Who's Next arrived on Aug. 14, 1971, with a group of songs that would become among the Who's best-loved and a cover image once lovingly described by Pete Townshend as "pissing on the obelisk." How they got there is almost as interesting the music's long journey from Townshend's discarded epic Lifehouse into a single-disc rock classic.

The Who were traveling back to London, after a show in Sunderland, when they happened upon a huge slab of concrete towering over a mining site just outside Sheffield. So why not pee on it, right?

Only it didn't unfold quite that smoothly.

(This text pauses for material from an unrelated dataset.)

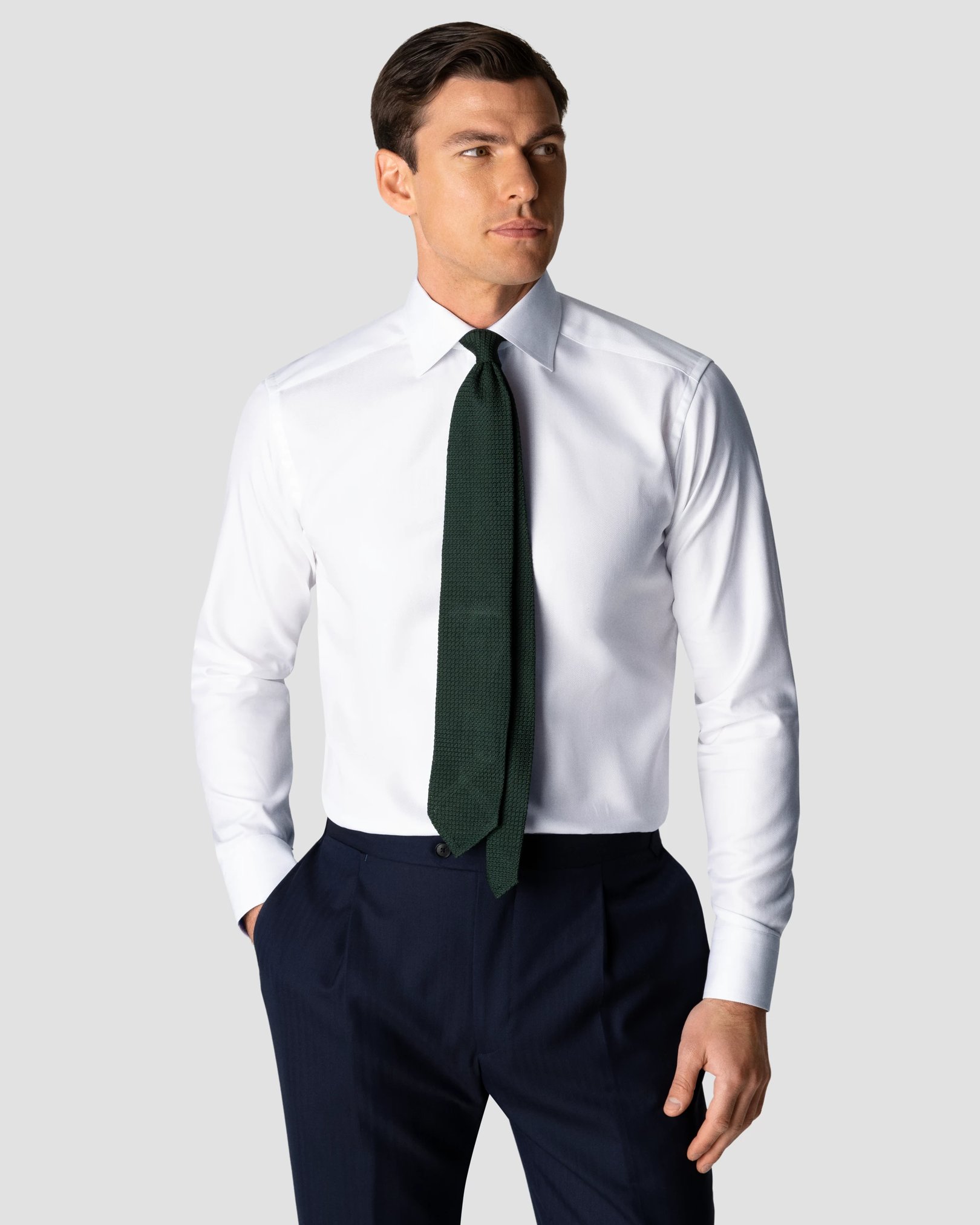 Eton - white signature twill cut ss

Ethan Russell, having gained no small measure of fame for photographing the Beatles' last shoot as a foursome, had taken to riding along with the Who in search of a suitable cover image. Nothing had stuck.

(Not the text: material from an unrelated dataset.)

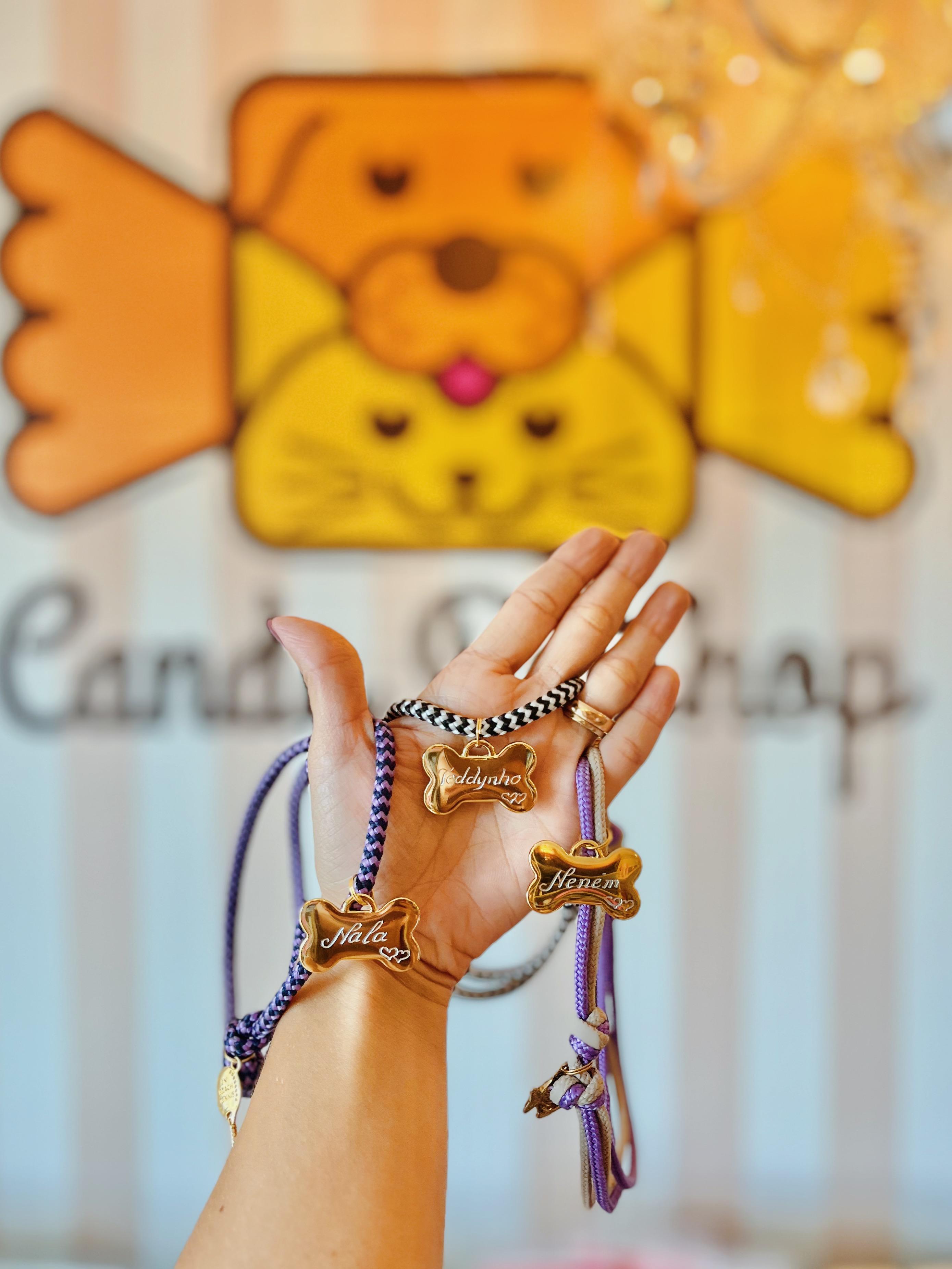 Coleira de Identificação Personalizada – Ajustável Candy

In fact, they'd ultimately discard a photo featuring buxom nude women, and another of Keith Moon dressed in lingerie and a wig, holding a whip – though these images later appeared in advertisements before finding a home in latter-day reissues of Who's Next.

Earlier, someone had suggested urinating on a Marshall stack, and suddenly – as they roared past a slag-heap at the Easington Colliery – Russell hit upon something with a much grander scale.

“The Who had already rejected several covers for this album,” Russell told Carmel Magazine in 2013. “To get ideas, I accompanied them to a gig in Central England. Pete Townshend’s driving scared me so much, I laid down in the back seat. I was freaked out. On the way home, Pete was driving fast again. I saw those concrete things and didn’t know what they were. He slowed down at a roundabout and asked if I had any ideas; I told him about those shapes. Pete turned around and we stepped out into this moonscape."

Maybe, as it's been suggested, the massive edifice reminded the Who of the monolith from Stanley Kubrick's 2001: A Space Odyssey. Or perhaps they thought the album cover would work as a gritty commentary on modern life. Or maybe Townshend just needed to relieve himself. "I was taking test Polaroids and [when I] looked up," Russell said, "Pete had peed on it. I thought 'Okay!' [and] took about eight shots."

The only problem was, Townshend's bandmates didn't have to go. Another moment of inspiration from Russell saved the shoot. He ended up trickling rainwater from an empty film canister to achieve the desired effect for the others. "Except for Pete’s, the 'urine' was water we poured on the concrete. They couldn’t perform!" Russell said, still marveling over this "totally spontaneous" moment. "We tried," he added, "but you can’t brainstorm that kind of thing."

After that, Russell placed a dramatic photo of the sky behind the Who, one he found from a previous session, and the now-familiar image was complete.